(Items from a data source)
━━━━━━━━━━━━━━━━━━━━━━━━━━━━━━

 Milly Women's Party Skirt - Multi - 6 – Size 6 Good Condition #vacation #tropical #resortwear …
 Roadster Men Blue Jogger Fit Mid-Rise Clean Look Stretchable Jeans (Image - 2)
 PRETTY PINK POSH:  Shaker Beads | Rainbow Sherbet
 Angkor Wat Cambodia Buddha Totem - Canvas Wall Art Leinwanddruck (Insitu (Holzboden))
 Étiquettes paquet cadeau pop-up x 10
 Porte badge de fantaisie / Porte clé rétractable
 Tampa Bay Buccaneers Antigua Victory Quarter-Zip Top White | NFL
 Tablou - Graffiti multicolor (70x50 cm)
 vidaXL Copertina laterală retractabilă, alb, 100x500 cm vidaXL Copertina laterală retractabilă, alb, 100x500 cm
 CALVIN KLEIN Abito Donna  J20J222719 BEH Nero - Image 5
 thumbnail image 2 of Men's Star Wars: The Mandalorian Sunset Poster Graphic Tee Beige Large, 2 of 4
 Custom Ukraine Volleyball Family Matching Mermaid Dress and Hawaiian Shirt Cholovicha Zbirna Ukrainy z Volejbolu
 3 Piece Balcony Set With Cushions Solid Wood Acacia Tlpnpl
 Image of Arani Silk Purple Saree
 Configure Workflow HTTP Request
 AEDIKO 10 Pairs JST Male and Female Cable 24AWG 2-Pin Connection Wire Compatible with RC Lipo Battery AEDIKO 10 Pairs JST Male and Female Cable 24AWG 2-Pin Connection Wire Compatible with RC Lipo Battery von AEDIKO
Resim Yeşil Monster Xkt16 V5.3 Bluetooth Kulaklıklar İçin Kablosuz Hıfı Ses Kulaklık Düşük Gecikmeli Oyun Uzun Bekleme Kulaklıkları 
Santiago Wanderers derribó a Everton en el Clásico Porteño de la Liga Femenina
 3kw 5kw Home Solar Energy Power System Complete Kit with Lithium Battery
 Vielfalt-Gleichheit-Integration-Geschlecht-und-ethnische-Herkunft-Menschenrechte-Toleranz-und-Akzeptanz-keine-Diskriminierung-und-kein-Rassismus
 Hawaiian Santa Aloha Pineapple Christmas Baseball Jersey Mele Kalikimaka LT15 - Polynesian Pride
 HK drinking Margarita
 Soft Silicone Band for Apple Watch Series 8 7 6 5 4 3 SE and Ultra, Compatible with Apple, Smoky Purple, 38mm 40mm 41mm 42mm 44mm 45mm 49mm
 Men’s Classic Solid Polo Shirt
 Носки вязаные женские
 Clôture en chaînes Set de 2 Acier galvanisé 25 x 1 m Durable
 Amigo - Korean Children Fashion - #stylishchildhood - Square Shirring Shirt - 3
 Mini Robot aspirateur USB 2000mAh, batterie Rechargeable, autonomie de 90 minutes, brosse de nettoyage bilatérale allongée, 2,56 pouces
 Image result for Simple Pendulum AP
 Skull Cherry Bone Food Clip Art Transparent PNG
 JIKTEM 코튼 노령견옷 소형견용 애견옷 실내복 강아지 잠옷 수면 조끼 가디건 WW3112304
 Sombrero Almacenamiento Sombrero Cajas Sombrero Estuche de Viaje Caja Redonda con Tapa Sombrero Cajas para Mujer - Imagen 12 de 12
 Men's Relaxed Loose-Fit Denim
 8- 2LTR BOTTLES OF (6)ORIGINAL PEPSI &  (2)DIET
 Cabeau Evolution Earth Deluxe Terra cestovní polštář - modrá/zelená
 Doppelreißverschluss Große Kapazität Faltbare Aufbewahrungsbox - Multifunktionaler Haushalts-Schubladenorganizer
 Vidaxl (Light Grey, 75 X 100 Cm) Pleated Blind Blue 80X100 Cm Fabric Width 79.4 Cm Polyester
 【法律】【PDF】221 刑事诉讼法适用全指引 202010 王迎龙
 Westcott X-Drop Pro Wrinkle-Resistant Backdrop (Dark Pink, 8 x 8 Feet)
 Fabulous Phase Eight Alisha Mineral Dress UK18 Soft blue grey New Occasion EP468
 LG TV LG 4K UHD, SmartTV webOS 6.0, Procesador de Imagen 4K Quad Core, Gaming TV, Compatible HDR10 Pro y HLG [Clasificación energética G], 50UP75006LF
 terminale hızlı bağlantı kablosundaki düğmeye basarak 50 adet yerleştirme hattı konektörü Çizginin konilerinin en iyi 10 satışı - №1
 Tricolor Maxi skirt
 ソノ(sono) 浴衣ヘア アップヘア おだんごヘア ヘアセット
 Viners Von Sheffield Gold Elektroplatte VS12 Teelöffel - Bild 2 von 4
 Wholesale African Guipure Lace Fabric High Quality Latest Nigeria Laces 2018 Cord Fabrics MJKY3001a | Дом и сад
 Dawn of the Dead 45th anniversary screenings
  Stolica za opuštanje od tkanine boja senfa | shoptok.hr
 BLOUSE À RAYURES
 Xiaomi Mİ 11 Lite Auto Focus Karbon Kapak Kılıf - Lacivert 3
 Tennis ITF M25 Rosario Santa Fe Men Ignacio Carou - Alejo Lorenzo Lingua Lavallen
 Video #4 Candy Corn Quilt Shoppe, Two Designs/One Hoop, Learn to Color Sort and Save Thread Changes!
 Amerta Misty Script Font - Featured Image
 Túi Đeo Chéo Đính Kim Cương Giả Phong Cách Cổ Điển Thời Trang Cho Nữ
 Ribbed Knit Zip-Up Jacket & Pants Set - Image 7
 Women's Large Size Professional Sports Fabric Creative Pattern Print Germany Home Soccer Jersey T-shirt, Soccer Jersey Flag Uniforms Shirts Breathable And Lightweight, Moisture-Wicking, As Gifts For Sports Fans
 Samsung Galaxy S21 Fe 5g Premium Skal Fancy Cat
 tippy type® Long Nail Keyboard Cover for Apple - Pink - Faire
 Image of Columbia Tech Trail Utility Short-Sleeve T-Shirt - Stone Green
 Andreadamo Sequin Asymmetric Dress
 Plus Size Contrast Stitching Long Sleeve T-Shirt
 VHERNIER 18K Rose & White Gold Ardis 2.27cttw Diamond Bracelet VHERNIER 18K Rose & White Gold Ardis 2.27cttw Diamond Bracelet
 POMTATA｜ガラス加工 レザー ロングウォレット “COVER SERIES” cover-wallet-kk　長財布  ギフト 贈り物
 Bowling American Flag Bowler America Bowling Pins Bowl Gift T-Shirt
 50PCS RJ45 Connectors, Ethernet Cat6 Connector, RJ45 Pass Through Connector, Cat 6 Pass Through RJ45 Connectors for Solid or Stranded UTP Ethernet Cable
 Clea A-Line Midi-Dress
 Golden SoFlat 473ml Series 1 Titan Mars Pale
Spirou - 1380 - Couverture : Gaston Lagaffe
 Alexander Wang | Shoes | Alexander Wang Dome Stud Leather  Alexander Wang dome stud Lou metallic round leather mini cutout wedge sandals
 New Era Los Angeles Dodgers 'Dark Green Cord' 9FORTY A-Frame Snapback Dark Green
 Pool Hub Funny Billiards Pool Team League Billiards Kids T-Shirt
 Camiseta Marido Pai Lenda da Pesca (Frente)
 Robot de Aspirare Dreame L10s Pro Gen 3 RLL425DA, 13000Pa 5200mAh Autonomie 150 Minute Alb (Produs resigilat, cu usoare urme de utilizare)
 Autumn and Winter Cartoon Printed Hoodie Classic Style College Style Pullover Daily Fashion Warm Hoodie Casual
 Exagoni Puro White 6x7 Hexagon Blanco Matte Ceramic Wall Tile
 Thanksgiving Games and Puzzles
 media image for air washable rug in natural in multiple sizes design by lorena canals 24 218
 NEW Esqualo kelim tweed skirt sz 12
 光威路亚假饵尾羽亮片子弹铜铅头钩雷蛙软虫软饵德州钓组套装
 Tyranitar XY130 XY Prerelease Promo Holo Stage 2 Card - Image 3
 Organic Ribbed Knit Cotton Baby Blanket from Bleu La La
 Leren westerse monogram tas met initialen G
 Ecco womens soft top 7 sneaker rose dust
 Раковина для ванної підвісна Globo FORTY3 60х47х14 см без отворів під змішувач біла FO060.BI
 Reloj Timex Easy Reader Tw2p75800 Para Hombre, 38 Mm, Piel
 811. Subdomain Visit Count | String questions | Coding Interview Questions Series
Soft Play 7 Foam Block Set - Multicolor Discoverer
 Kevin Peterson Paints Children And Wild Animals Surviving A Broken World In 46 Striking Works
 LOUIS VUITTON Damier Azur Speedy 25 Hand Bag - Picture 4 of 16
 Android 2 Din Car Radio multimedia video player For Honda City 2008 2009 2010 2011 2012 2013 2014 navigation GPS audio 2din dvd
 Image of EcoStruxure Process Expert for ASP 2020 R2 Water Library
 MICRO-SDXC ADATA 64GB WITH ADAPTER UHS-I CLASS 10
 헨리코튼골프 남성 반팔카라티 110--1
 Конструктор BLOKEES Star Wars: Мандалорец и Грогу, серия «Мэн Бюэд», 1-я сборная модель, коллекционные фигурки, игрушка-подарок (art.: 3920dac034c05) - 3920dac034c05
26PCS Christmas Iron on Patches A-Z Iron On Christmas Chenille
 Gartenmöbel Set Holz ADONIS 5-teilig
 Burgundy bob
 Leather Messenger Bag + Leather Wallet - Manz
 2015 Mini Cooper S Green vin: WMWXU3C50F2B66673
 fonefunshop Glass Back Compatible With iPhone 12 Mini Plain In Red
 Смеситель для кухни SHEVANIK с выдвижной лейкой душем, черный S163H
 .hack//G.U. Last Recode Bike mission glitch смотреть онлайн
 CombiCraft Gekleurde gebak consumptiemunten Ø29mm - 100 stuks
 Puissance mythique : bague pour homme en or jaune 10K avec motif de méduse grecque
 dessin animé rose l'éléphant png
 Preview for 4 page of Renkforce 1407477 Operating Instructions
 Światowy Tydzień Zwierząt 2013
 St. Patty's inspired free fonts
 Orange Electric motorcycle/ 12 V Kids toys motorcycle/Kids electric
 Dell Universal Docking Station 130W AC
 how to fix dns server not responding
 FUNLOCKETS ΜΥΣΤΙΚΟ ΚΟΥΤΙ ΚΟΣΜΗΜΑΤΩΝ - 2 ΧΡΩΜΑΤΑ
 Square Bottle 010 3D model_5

━━━━━━━━━━━━━━━━━━━━━━━━━━━━━━

▶ _Task objective_
Output only the lines from the top of the entries through the one holding "Amigo - Korean", copied exactly.

▶ _Problem solution_
 Milly Women's Party Skirt - Multi - 6 – Size 6 Good Condition #vacation #tropical #resortwear …
 Roadster Men Blue Jogger Fit Mid-Rise Clean Look Stretchable Jeans (Image - 2)
 PRETTY PINK POSH:  Shaker Beads | Rainbow Sherbet
 Angkor Wat Cambodia Buddha Totem - Canvas Wall Art Leinwanddruck (Insitu (Holzboden))
 Étiquettes paquet cadeau pop-up x 10
 Porte badge de fantaisie / Porte clé rétractable
 Tampa Bay Buccaneers Antigua Victory Quarter-Zip Top White | NFL
 Tablou - Graffiti multicolor (70x50 cm)
 vidaXL Copertina laterală retractabilă, alb, 100x500 cm vidaXL Copertina laterală retractabilă, alb, 100x500 cm
 CALVIN KLEIN Abito Donna  J20J222719 BEH Nero - Image 5
 thumbnail image 2 of Men's Star Wars: The Mandalorian Sunset Poster Graphic Tee Beige Large, 2 of 4
 Custom Ukraine Volleyball Family Matching Mermaid Dress and Hawaiian Shirt Cholovicha Zbirna Ukrainy z Volejbolu
 3 Piece Balcony Set With Cushions Solid Wood Acacia Tlpnpl
 Image of Arani Silk Purple Saree
 Configure Workflow HTTP Request
 AEDIKO 10 Pairs JST Male and Female Cable 24AWG 2-Pin Connection Wire Compatible with RC Lipo Battery AEDIKO 10 Pairs JST Male and Female Cable 24AWG 2-Pin Connection Wire Compatible with RC Lipo Battery von AEDIKO
Resim Yeşil Monster Xkt16 V5.3 Bluetooth Kulaklıklar İçin Kablosuz Hıfı Ses Kulaklık Düşük Gecikmeli Oyun Uzun Bekleme Kulaklıkları 
Santiago Wanderers derribó a Everton en el Clásico Porteño de la Liga Femenina
 3kw 5kw Home Solar Energy Power System Complete Kit with Lithium Battery
 Vielfalt-Gleichheit-Integration-Geschlecht-und-ethnische-Herkunft-Menschenrechte-Toleranz-und-Akzeptanz-keine-Diskriminierung-und-kein-Rassismus
 Hawaiian Santa Aloha Pineapple Christmas Baseball Jersey Mele Kalikimaka LT15 - Polynesian Pride
 HK drinking Margarita
 Soft Silicone Band for Apple Watch Series 8 7 6 5 4 3 SE and Ultra, Compatible with Apple, Smoky Purple, 38mm 40mm 41mm 42mm 44mm 45mm 49mm
 Men’s Classic Solid Polo Shirt
 Носки вязаные женские
 Clôture en chaînes Set de 2 Acier galvanisé 25 x 1 m Durable
 Amigo - Korean Children Fashion - #stylishchildhood - Square Shirring Shirt - 3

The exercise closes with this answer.